Simona Halep averted her eyes from the nagging voice at her shoulder and took a swig of water, either unable or unwilling to respond. It was all too familiar. Up a set and a break and serving for a trip to the semifinals of the 2017 Miami Open, she had unraveled, conceding a break to her opponent—Johanna Konta—and a tiebreaker two games later. With a decisive set looming, the two players were afforded a few moments on the sideline to reset themselves, but Halep could only stew in her frustration, seemingly resigned to the inevitable. Yet, the voice persisted.

“You have the opportunity to make a difference,” Darren Cahill, Halep’s longtime coach, pleaded. “You’ve been in this position many, many times before, and most times you’ve come out second best. … So right now you have an opportunity to change things.”

Cahill’s encouragement was futile: In a meek effort, Halep dropped the third set, and the match. For most players of her caliber, such a result might have been casually brushed off; the Miami Open isn’t a legacy-defining tournament and Halep had a bout of patellar tendinitis in her left knee that had begun bothering her in late 2016. But the footage of Halep and Cahill’s conversation, and news of a subsequent professional split between the two, galvanized a fresh wave of criticism questioning the Romanian’s mental strength. As Cahill had attempted to spur Halep to victory, she could muster little more than: “This is my character. I am so bad.”

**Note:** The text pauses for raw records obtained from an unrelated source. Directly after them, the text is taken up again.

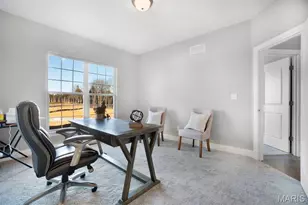 0 Sycamore-Ests @ Schaper Farms, Foristell, MO 63348 - Photo 39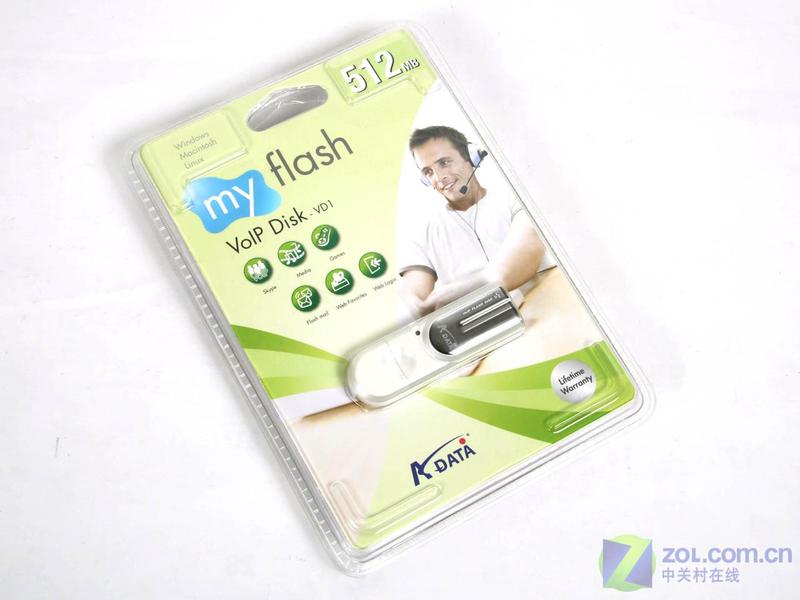 ��ͨ�洦���� �����ƶ�������������ͼƬ����,ͼ2-ZOL�йش����ߵ�2��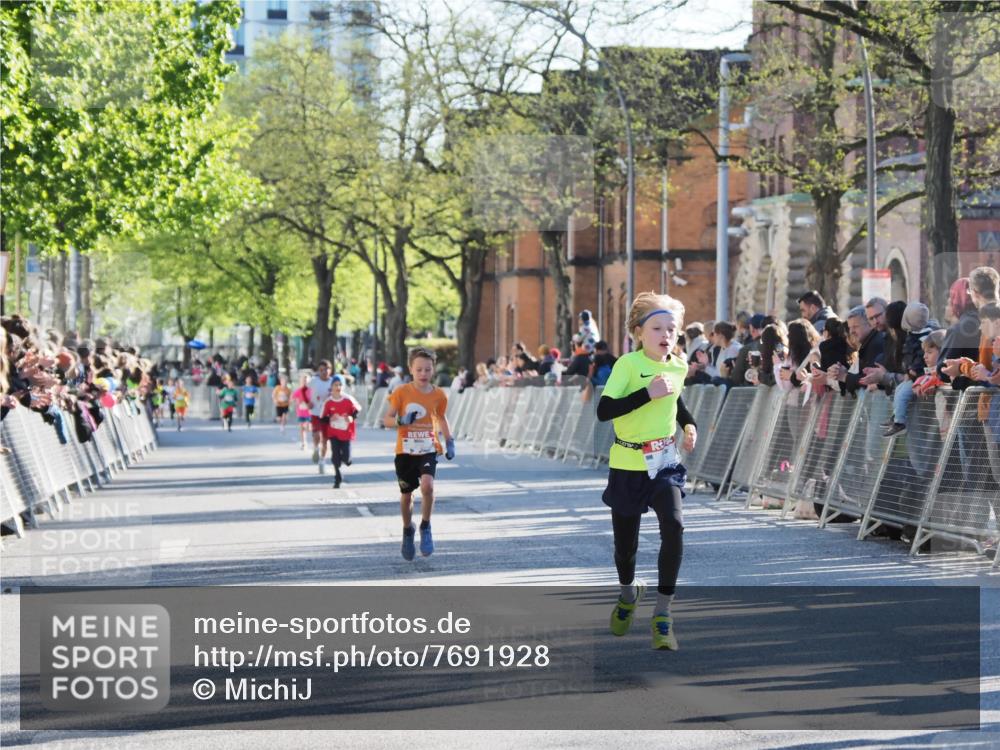 25.04.2025 - Das Zehntel MichiJ http://msf.ph/oto/7691928 26.04.2025 08:46:27 Laufen  meine-sportfotos.de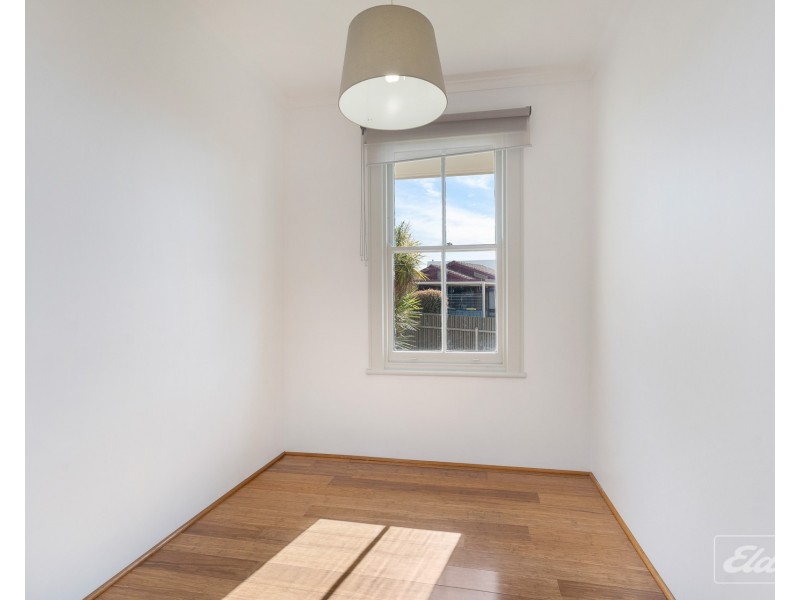 24 Mentone Road, Hayborough SA 5211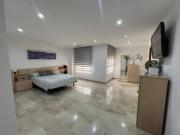 Piso Venta Elx Elche, Plaça de Crevillent Juzgados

At the time, despite uncanny consistency on paper, Halep’s career was defined by unrealized potential and debilitating self-doubt. On January 27, 2014, at age 22, she seized the no. 10 ranking in the world, and she hasn’t fallen out of the top 10 since; that 231-week run is by far the longest active streak in the WTA. She has spent the last 57 of those weeks in the top two. In October, she earned her first ever world no. 1 ranking.

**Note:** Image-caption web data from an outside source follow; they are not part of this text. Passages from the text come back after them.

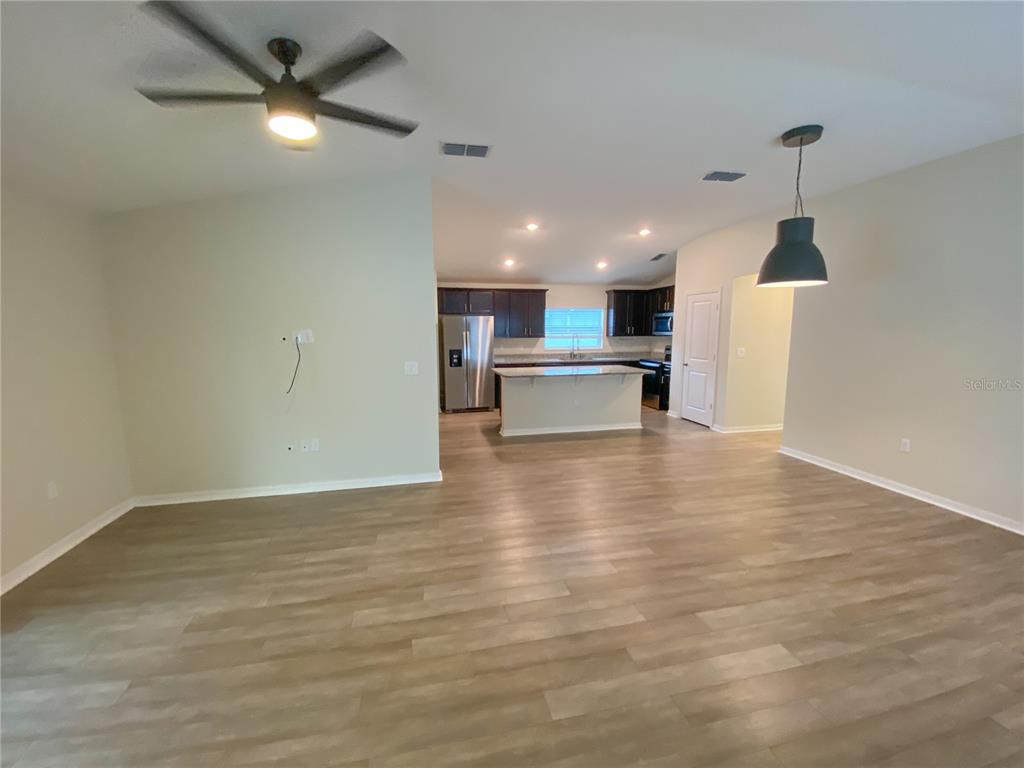 4637 GLENCREST LOOP, ST CLOUD, FL — photo 4 of 30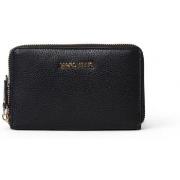 Portemonnee Marc Ellis -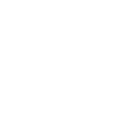 /white/png/128/medkit.png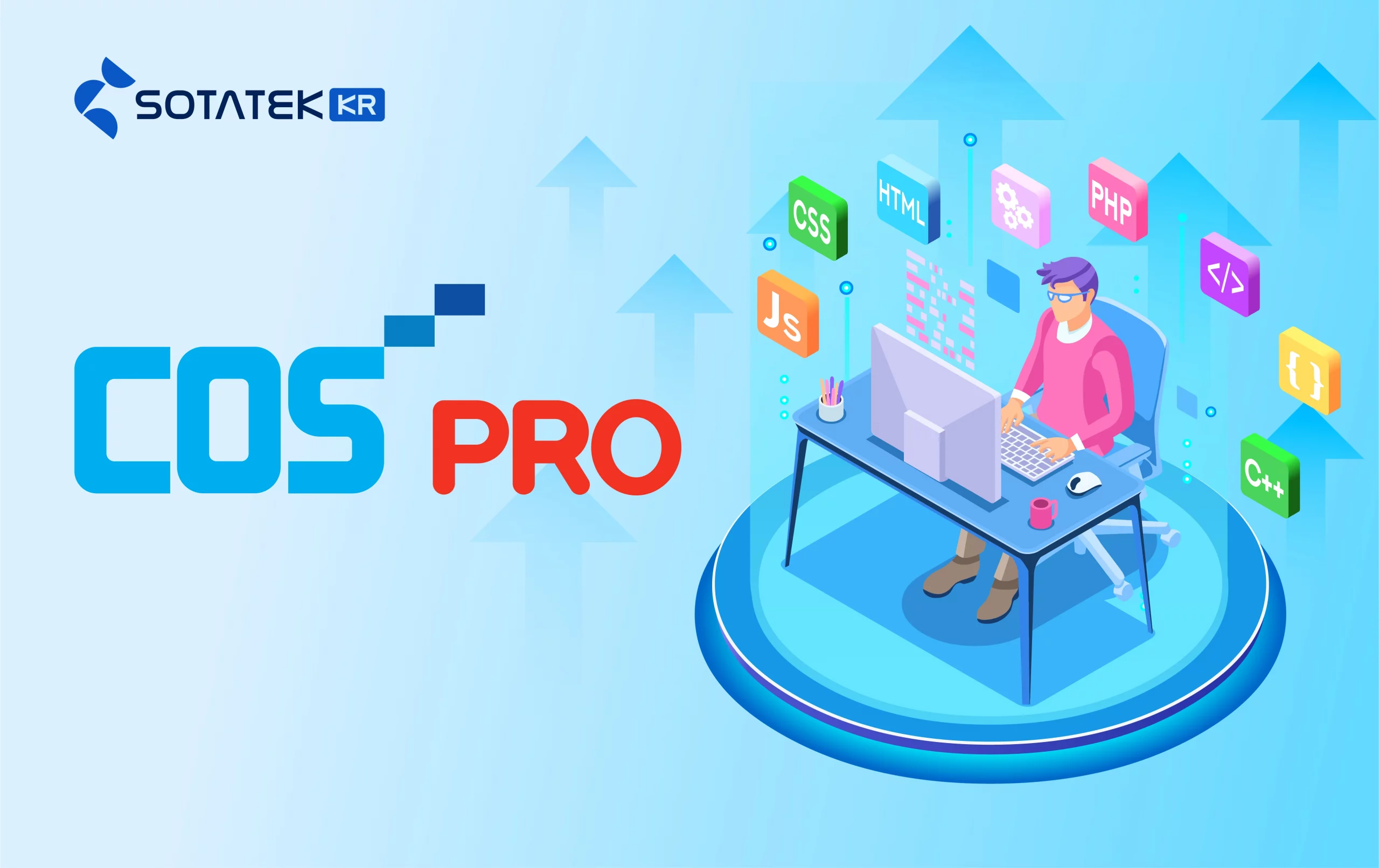 thumbnail cospro korea-01
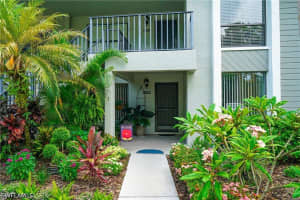 1223 Commonwealth Circle, Naples, FL 34116 - MLS#226023639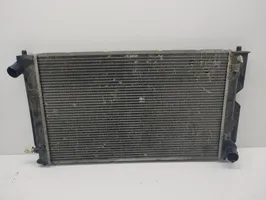 Toyota Corolla E120 E130 Radiateur de refroidissement 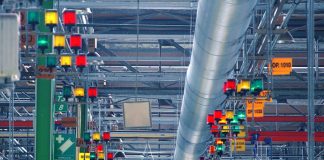 Fca Termoli, proroghe per i lavoratori in somministrazione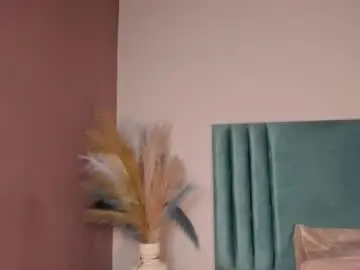 Chaturbate Watch Live Sex Cams of katherinsky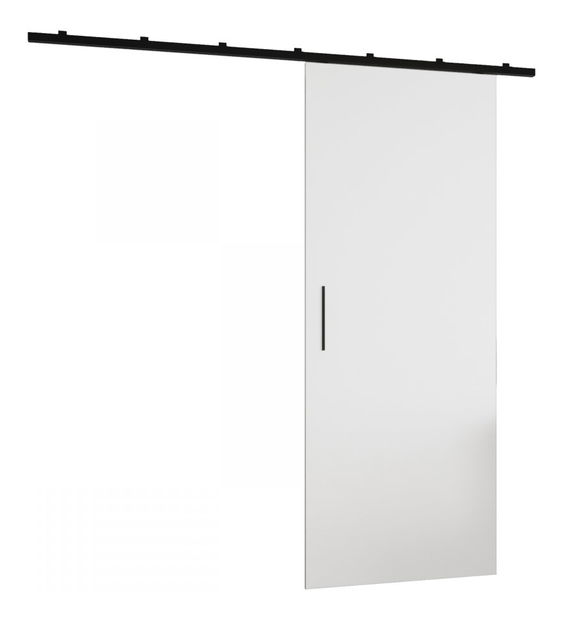 Posuvné dveře Kowesa 90 I (kašmír)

And yet, excruciatingly, major titles eluded her. On the final Saturday of Roland Garros in 2017, against the then-unknown 20-year-old Jelena Ostapenko, Halep squandered a set-and-a-break lead, dropping 12 of the match’s final 16 games en route to a second defeat in a French Open final in four years. Seven months later, she lost in another major final, this time against world no. 2 Caroline Wozniacki at the Australian Open. Here,  Halep battled back from a set down but faltered in the third all the same. She watched sullenly as fellow “Slamless Wonder” Wozniacki crumpled to the court, the burden of unfulfilled expectation floating off of her shoulders and into the inky black Melbourne sky that night. Meanwhile, Halep’s millstone weighed heavier than ever. But something in her had changed. On the heels of another crushing defeat, Halep was done writing herself off.

“I cried,” she said at her post-match press conference. “But now I’m smiling.

She hasn’t stopped since.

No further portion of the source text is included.